Summarization and Dialogue
Next are the results on summarization and dialogue generation tasks:
Performance comparison of Synthesizer on summarization and dialogue tasks
In the automatic summarization task, standard attention works better, but in the dialogue generation task, the result is the opposite: standard self-attention is the worst, while Dense (D) and Random (R) are the best. Furthermore, when Dense and Random are mixed with standard attention (i.e., D+V and R+V), the effect worsens. This indicates that standard attention has no "absolute" advantage, and though the Synthesizers look like "degradations" of standard attention, they are actually independent and each has its own advantages.
Pre-training + Fine-tuning
Finally, as general readers, we might be more concerned about the effect of "pre-training + fine-tuning," that is, how models like BERT perform after replacing self-attention. The original paper did conduct this experiment, though the baseline was T5 rather than BERT, and the results are as follows:
Performance comparison of Synthesizer in "Pre-training + Fine-tuning"
In these results, Dense and Random appear inferior compared to standard self-attention. This suggests that while Dense and Random may perform better on specific tasks, their transferability might be weaker.
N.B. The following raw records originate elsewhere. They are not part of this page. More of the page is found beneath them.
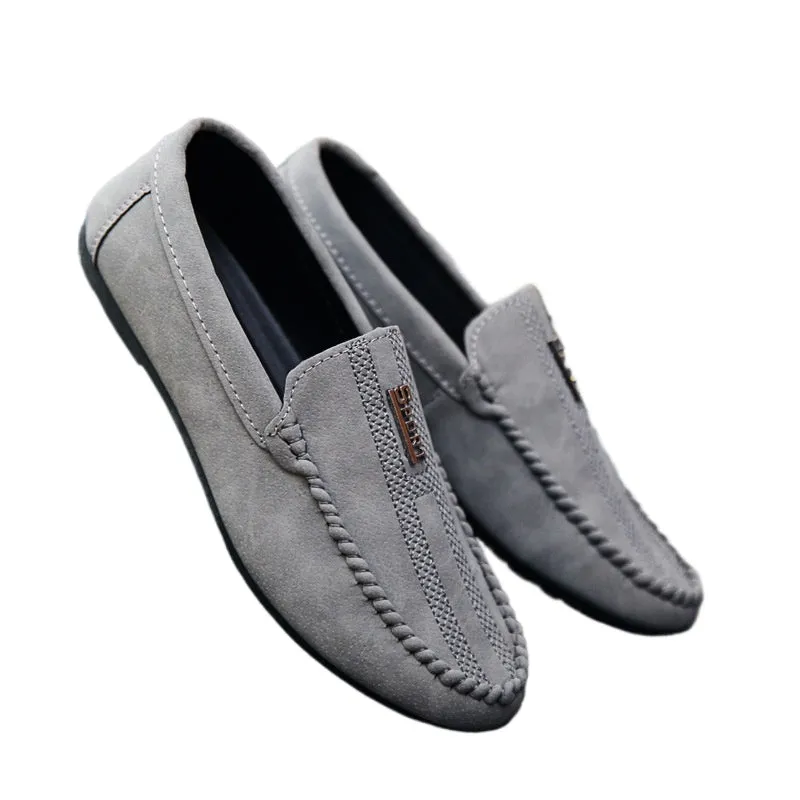 2024 new men's shoes summer loafers men's casual shoes Korean version low-top foot-fitting lazy shoes Doudou trendy shoes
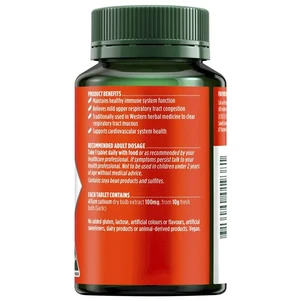 (PRE ORDER) Nature's Own High Strength Garlic 10,000mg 100 Tablets shelf life 2yrs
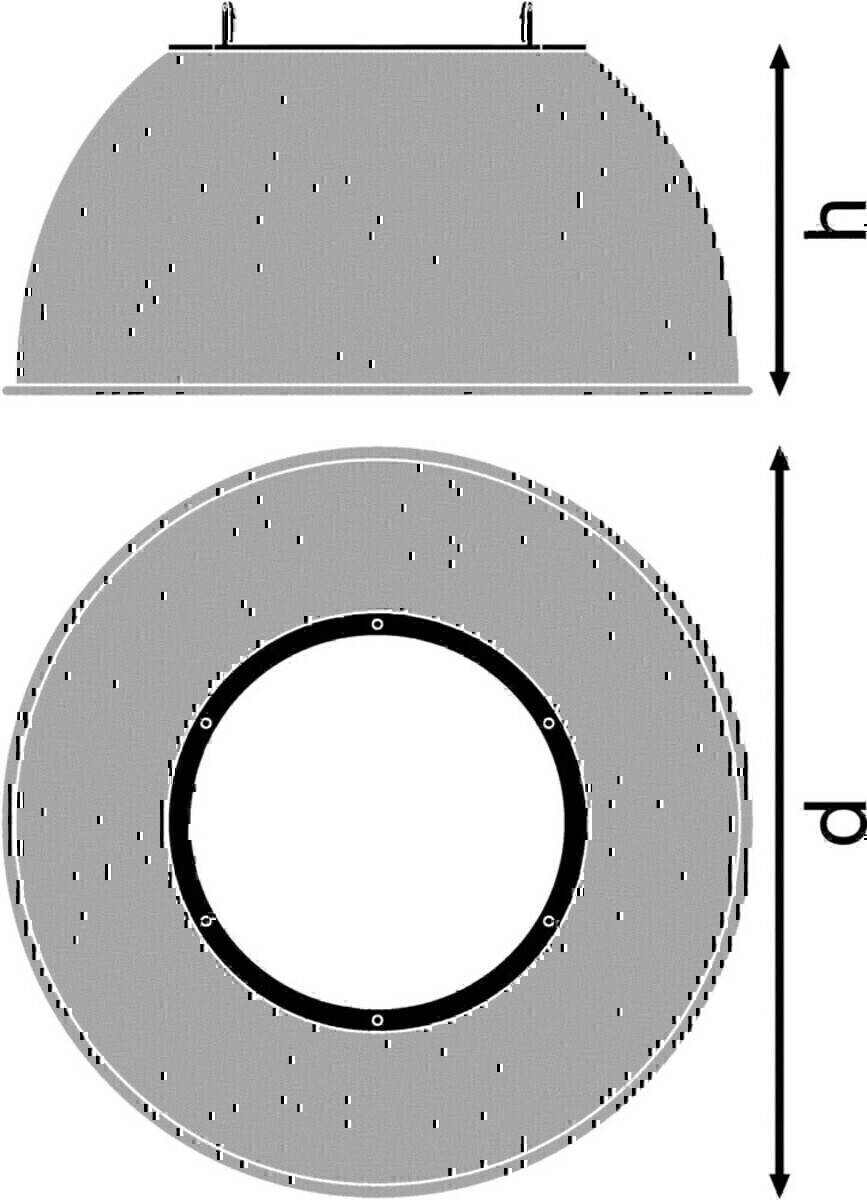 Ledvance Reflektor HBDALREFLECTOR155W80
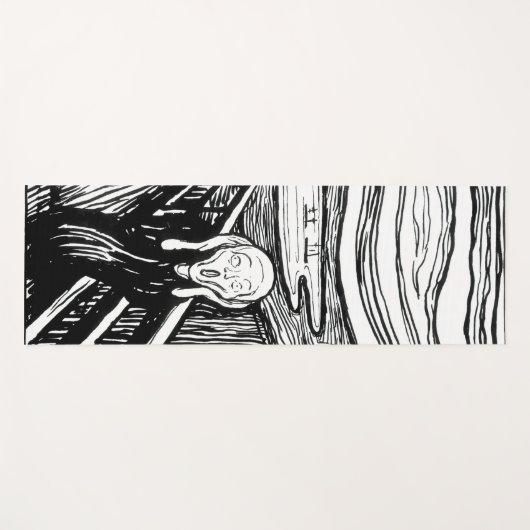 Edvard Munch - De Scream Lithografie Yogamat (Voorkant (horizontaal))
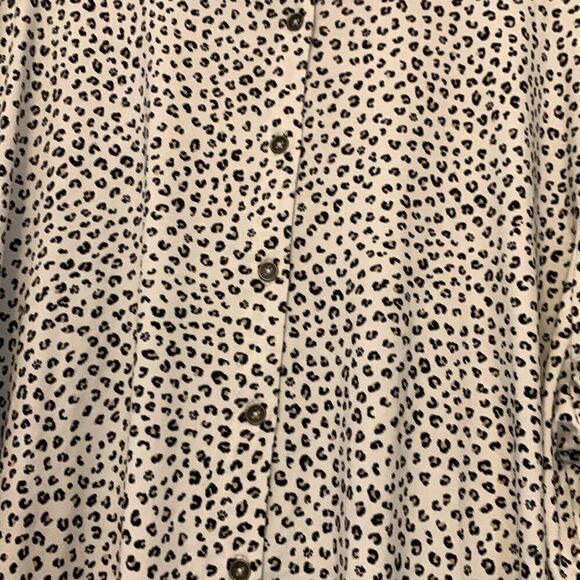 Kim Rogers cheetah print tunic Size 2X NWT - Picture 3 of 9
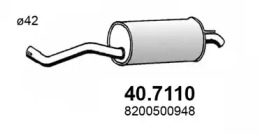 Амортизатор ASSO 40.7110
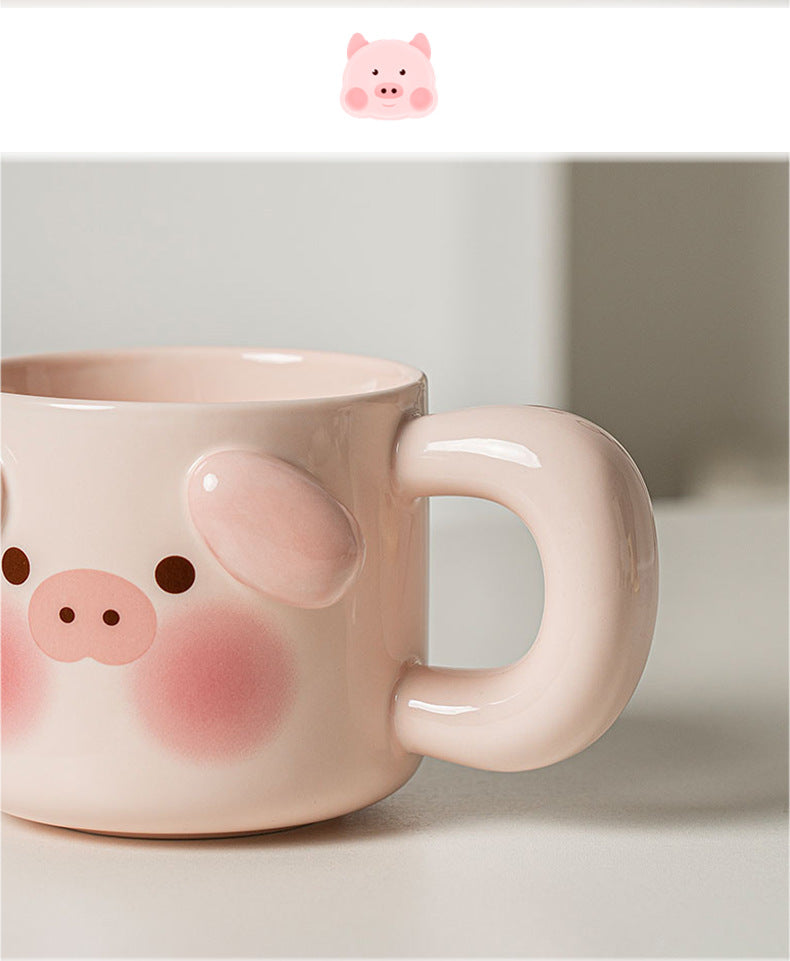 Girls' Pig Home Office Ceramic Mug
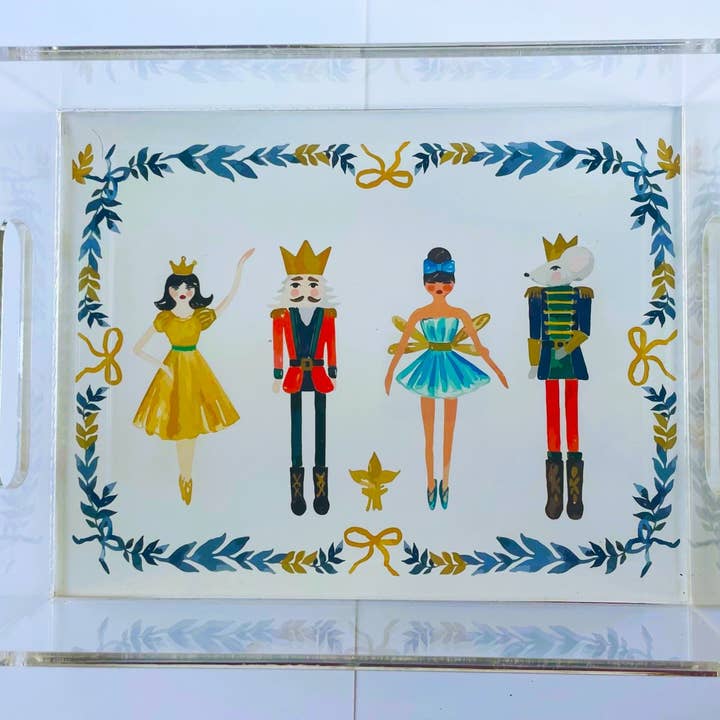 Dekorative bakker/Fejring af ferien Dekorativ bakke for engroshandel hos Ox Bow Decor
However, it cannot be denied that self-attentions like Random significantly improve computational efficiency because they bypass the matrix operation of $\boldsymbol{Q}\boldsymbol{K}^{\top}$. Therefore, if a way can be found to solve this transferability issue, it is possible that the Transformer model family will undergo a major overhaul.
Summary
This article introduced Google's new work, Synthesizer, which is a reflection and exploration of the currently popular self-attention mechanism. The paper proposes several new self-attention mechanisms and conducts fairly comprehensive experiments. The experimental results will likely challenge our existing understanding of the self-attention mechanism; it is well worth reading.